Probably everyone knows the math; I just think they're exaggerating the relevance of this model to real life.
I'm with the commenter (here) who said that real life is more likely to be an initial-value-dependent or path-dependent PDE. Someone else said having a high-IV person on your team will raise the slopes of everyone else which seems also right: the issues are multidimensional, not affine 1-D.
Ousterhout is taking sides (smarter > more experienced) which is fine; he can make that argument. But using y=mx+b as x→∞ doesn't count as an argument; it's rhetorical flair, not rhetorical substance. The substance of his reasoning seems to be "That's my opinion based on my experience in my past jobs".
Analogies are inexact by definition, which doesn't mean that the speaker is being intentionally deceptive by using one.

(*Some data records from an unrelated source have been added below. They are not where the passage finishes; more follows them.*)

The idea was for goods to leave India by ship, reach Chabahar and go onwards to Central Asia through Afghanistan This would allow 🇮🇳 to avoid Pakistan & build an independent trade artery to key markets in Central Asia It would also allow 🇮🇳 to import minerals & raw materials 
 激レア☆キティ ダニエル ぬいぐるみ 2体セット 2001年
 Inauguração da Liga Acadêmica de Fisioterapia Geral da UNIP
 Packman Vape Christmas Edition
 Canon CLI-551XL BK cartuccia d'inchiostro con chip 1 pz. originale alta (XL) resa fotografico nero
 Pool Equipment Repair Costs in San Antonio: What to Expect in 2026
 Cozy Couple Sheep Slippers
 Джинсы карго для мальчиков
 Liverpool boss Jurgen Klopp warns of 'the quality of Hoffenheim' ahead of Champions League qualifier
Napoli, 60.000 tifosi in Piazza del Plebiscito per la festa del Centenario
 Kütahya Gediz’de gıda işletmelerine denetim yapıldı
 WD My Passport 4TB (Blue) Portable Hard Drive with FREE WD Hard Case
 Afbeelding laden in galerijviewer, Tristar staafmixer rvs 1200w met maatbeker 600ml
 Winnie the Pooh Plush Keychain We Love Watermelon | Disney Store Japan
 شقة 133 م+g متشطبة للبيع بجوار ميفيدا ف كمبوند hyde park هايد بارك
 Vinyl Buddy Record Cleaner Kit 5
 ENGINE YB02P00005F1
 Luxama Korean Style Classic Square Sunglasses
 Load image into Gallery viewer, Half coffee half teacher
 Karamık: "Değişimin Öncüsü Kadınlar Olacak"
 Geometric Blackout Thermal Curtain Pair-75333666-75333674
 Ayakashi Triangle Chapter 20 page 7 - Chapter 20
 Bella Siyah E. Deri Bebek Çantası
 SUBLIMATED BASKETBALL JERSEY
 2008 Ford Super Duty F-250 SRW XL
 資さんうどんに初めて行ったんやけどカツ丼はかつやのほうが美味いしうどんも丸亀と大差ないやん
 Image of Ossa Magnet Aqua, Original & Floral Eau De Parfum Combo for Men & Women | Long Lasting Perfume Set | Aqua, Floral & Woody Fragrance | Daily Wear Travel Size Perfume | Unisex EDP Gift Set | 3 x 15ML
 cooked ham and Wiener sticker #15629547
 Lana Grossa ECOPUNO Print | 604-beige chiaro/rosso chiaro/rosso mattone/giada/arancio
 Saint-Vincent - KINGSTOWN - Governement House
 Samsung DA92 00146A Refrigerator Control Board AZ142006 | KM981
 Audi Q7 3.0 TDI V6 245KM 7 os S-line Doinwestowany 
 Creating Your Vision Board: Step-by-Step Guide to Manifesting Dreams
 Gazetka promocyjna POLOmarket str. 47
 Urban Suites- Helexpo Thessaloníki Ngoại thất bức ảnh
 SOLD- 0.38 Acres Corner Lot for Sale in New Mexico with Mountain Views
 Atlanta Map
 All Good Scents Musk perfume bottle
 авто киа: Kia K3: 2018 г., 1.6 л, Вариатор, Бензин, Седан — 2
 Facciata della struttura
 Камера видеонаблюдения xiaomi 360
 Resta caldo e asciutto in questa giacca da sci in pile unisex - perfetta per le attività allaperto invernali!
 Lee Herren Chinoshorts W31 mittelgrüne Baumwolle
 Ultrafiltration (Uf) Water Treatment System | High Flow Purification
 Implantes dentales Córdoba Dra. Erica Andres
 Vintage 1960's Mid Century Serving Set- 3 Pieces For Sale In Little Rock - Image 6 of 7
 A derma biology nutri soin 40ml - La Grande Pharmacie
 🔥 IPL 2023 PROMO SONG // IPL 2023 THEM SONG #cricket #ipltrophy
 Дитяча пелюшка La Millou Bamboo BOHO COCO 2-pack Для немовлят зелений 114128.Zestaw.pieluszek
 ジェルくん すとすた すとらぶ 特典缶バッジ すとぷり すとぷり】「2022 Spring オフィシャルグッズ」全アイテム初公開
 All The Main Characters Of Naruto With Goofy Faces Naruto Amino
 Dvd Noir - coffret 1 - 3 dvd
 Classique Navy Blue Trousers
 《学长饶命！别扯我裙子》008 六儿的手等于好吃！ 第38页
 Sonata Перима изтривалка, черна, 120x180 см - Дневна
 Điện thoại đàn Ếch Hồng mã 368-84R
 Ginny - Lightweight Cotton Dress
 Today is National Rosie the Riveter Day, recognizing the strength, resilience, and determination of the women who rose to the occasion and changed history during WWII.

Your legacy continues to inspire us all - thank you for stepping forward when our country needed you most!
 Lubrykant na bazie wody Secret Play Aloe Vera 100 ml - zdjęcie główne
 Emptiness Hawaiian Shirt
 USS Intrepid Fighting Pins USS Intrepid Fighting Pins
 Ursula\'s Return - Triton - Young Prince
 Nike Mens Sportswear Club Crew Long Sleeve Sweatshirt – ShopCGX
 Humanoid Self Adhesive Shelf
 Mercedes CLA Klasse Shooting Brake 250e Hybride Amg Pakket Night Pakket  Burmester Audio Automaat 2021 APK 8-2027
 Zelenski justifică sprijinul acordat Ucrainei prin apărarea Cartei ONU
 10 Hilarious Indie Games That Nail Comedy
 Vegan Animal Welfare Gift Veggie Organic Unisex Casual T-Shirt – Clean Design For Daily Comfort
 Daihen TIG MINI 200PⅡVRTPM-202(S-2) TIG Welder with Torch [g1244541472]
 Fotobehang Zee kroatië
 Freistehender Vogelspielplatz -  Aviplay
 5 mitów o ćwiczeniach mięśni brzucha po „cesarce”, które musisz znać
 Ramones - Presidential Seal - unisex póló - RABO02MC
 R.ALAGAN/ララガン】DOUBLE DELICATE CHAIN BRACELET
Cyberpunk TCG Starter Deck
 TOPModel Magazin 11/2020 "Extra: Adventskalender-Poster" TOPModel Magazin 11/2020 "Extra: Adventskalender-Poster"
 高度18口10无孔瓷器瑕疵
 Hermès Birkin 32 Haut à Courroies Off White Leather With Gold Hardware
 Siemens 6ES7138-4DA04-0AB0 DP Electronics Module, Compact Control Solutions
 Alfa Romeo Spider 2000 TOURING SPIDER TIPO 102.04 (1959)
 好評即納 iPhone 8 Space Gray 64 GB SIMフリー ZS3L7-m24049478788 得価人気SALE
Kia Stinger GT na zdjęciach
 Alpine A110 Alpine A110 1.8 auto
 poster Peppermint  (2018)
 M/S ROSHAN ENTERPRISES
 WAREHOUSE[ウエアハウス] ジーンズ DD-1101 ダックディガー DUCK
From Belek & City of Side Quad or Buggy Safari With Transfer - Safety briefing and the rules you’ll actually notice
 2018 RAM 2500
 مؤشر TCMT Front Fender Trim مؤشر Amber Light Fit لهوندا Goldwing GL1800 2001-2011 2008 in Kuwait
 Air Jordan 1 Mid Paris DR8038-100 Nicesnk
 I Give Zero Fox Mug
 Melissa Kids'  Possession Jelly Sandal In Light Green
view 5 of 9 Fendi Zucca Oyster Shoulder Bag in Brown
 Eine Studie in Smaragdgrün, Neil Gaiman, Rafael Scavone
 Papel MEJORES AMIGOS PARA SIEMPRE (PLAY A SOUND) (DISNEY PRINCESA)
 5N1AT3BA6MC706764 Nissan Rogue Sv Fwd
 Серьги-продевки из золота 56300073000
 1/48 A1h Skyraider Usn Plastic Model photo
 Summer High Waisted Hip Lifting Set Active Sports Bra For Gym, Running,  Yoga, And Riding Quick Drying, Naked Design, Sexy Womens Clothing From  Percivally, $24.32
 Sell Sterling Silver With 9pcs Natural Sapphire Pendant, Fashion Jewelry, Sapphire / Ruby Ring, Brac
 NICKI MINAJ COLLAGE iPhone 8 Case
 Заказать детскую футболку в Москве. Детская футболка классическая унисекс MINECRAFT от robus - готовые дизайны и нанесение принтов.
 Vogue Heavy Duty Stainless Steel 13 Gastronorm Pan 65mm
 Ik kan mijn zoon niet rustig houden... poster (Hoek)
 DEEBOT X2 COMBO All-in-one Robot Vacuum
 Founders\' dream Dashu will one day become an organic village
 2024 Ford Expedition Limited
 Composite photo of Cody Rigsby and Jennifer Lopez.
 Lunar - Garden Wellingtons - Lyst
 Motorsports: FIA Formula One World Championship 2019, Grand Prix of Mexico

I don't think anyone took this beyond the anecdotal evidence provided. We can argue motive and hypotheticals all day but the fact remains that this is just a blurb thrown at fresh undergraduates.
It's a motivational speech (delivered via heresay on Quora) not a thesis.
If you read the full answer, you'll realize that he points out you'll pick the better slope, unless you think you'll be dead before the two lines intersect; so he clearly understands it.
If you're going to pick apart the math, we might as well pick apart that not everything can be modeled well as a linear function.